The General Assembly of the Christian Church (Disciples of Christ) in the United States and Canada concluded this week in Orlando, Florida. As is typical, great debate is always a part of any church gathering. Since the Council of Jerusalem in the Book of Acts, Christians have disagreed on how best to be faithful. In our own Assembly, some of the Resolutions enjoyed near unanimous assent and others did not. According to one observer, some resolutions passed with over a 1/3 of the delegates rising in opposition. In the aftermath of such disagreements, conversations about faithfulness naturally follow.

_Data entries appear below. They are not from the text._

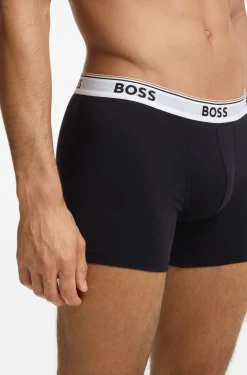 Three-pack of boxer briefs in stretch cotton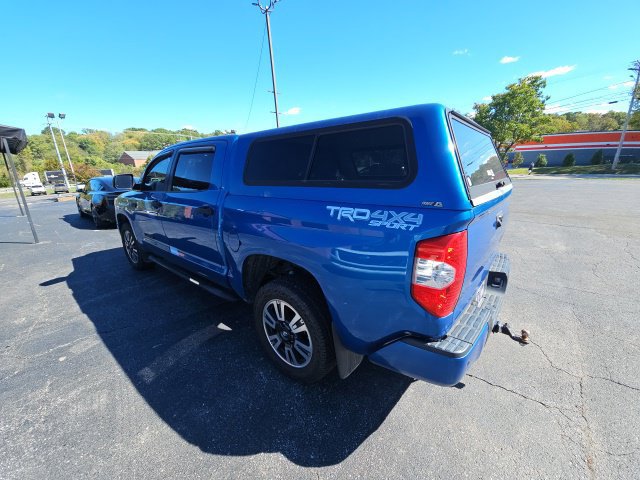 Used 2018 Toyota Tundra SR5 w/ TRD Sport Package AWD/4WD image 2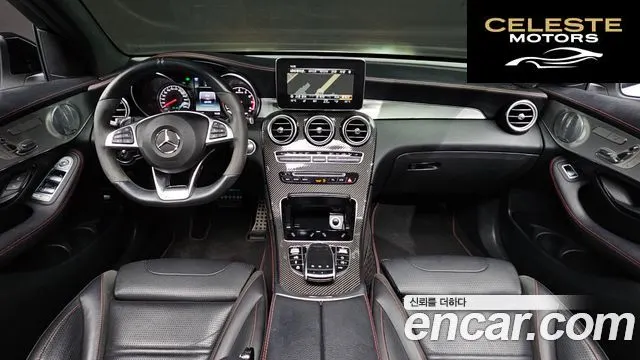 MERCEDES AMG GLC-Classe X253 AMG GLC43 4MATIC Coupé 2018 — photo 7 sur 30
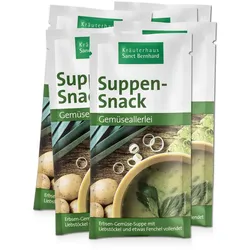 Suppen-Snack "Gemüseallerlei" 10er-Pack - 200 g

The “winners” argue that much work still needs to be done to convince their opponents of the need to faithfulness while the “losers” fear the overwhelming tide of what they perceive to be the unfaithfulness of the majority.

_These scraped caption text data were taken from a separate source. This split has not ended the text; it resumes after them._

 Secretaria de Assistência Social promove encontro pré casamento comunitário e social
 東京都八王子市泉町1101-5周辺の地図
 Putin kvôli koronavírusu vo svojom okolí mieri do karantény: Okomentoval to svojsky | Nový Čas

Remember that the General Assembly does not speak FOR the Church, it speaks TO the Church. At the heart of our denomination’s identity, good or bad, is a strong sense of congregationalism. That is, each congregation stands in covenant with the other congregations, each seeking to be faithful to their understanding of Christ’s call to be the Church. The General Assembly does not legislate anything to the local congregation. It does, however, speak to congregations as a semi-representative body of the whole denomination. Allow me to offer but a few thoughts on what it means to be a faithful church.
1. The Church of Jesus Christ is bigger than any denomination or congregation. Sometimes, we can fall into parochialism. That is, the only group I need to be concerned about is my particular group. The truth is, however, that when the Southern Baptist Convention or the Council of Bishops of the Roman Catholic Church speaks, it impacts us all. Division may be our perceived experience of the Church of Jesus Christ, but it is not real. One cannot divide Christ. When we act like we are divided, we are really saying, “We are Christians and you are not.” Such is a perilous statement. We may not agree, but it is Christ who decides the sheep and the goats and that only on the last day.

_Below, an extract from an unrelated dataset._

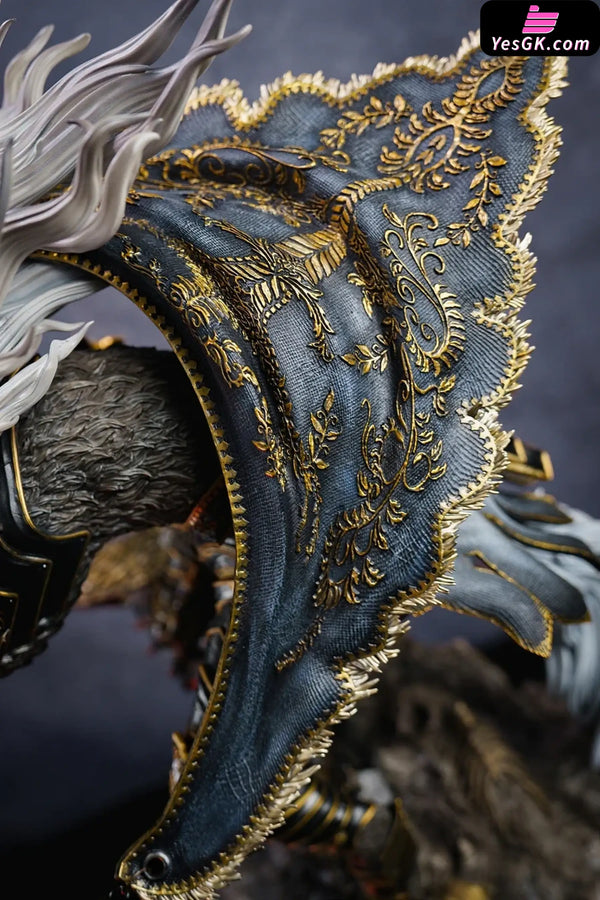 Elden Ring Black Blade Maliketh Statue - Ashes Studio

2. Our faithfulness is not a prerequisite of God’s faithfulness (see Romans 3 and 6). Philosophers and theologians have reflected on periods of time where the Church has been judged to be unfaithful. The national Church of Germany has been judged as unfaithful in not resisting Hitler. Yet, an underground group, referred to by historians as the Confessing Church, worked tirelessly to save many who were targeted for deportation to Concentration Camps. Though these Confessing pastors were virulently critical of their government-friendly colleagues, they did not necessarily demonize those they viewed as unfaithful. Why? Because Scripture witnesses to the Truth: that in the end, the message of the Gospel is that it is God who is faithful, especially in the midst of humanity’s unfaithfulness.
3. I have never met a person who describes themselves as a Christian who is intentionally working against God. Trust me, I have significant differences of opinion with many of my colleagues, but I trust that they are seeking to be faithful as I am seeking to be faithful.
At the end of the day, I recognize that as a sinful human, I am prone to the frailties of our human condition. I join my voice with those whom I disagree in thanking God that His faithfulness is not dependent on the faithfulness of either side of a debate. Keep the faith, seek to be faithful, and thank God, that in the midst of our conversations, God is always faithful.